Peguei o livro do Ler e Escrever - Livro de Textos do Aluno, do programa estadual Ler e Escrever, para as séries Iniciais do Ensino Fundamental. Achei estranho por que ali haviam muitas cantigas de roda que eu conhecia, do meu tempo, da minha cidade, da minha infância. Coisa como
a pombinha voou, voou
caiu no laço
se embaraçou
ai, me dá um abraço
que eu desembaraço
a minha pombinha
que caiu no laço
Quase chorei quando li essa canção, senti até o cheiro do quintal de casa, eu cantava quando tinha uns cinco anos... os gestos... cantei logo que o ano começou para as crianças, depois tinha
dá um remelexo no corpo
dá uma umbigada na outra
Fiquei intrigada, tinha até
o vapor de Cachoeira (de São Félix, recôncavo baiano) não navega mais no mar
Fui ler as letrinhas miúdas, e descobri. O tal livro é cópia resumida dos livros organizados para o Projeto NORDESTE de Leitura, um projeto de lá de riba. Aha, quase caí da cadeira. Mas ora vejam só, São Paulo copiiia um projeto (que deve ter dado certo, senão, não copiariam) nordestino e depois fica por aí, arrotando superioridade (o jingle do Alckmin grita nos nossos ouvidos: São Paulo é a melhor cidade do Brasil!). Superioridade de quê? Nem copiar sabem, por que as músicas tem a ver com as crianças que moram por ali, sabe, falam de mar, terra, são cantigas de roda e parlendas do Nordeste. Não que as minhas crianças não possam aprender isso e não tenham que aprender, conhecer, mas a gente imagina que um projeto de leitura da melhor cidade do Brasil seja pelo menos adequado à realidade das crianças que aqui vivem, e, assim, partam do lugar de onde elas vivem para depois chegar no mar, no cheiro do rio, no vapor de Cachoeira.

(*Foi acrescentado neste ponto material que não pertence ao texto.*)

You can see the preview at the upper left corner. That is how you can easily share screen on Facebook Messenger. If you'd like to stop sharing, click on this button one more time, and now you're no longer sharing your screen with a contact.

Aí juntei isso com o fato de que toda vez que recebo uma criança que vem de alguma cidade do Nordeste, na segunda ou na terceira série (e algumas vezes na primeira), ela já sabe ler. E uma aluna minha, que pelejava para aprender a ler, passou um mês na casa da vó, interior da Bahia, voltou corada e bonita e feliz e lendo tudinho. Vai juntando as coisas, não sei o que é, mas só sei que é assim. Eu mesma aprendi a ler com cinco anos, mas isso é coisa que dá outra história, depois conto.

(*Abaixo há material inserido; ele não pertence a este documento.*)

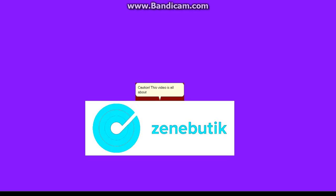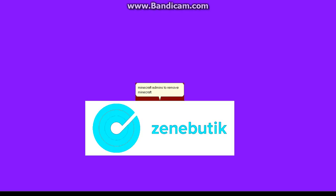This video is all about Minecraft shutting down. This story is fake, so I suggest you don't tell the Minecraft admins to remove Minecraft.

Ler as letrinhas miúdas é a melhor coisa do mundo. Eu sempre faço isso. Ehe.
E ontem, chorei quando terminei de ler Do Silêncio do Lar ao Silêncio da Escola, de Eliane Cavalleiro. Livro que retrata o racismo, o preconceito e a discriminação sofridos por crianças em Educação Infantil numa escola municipal em São Paulo, lá pela década de 80. Trabalhando com Educação Infantil na cidade de São Paulo, milênio dois, posso te dizer que pouca coisa mudou. Foi por isso que ouvi dia desses uma professora do meu lado chamar uma criança de filhote de urubu e a outra de leitoa,
amigavelmente, brincadeira
E eu, que reclamei e falei para ela não fazer mais isso, sou a louca, a racista, a agitadora das multidões.
Durma com um barulho desses, e depois diga que dormiu bem.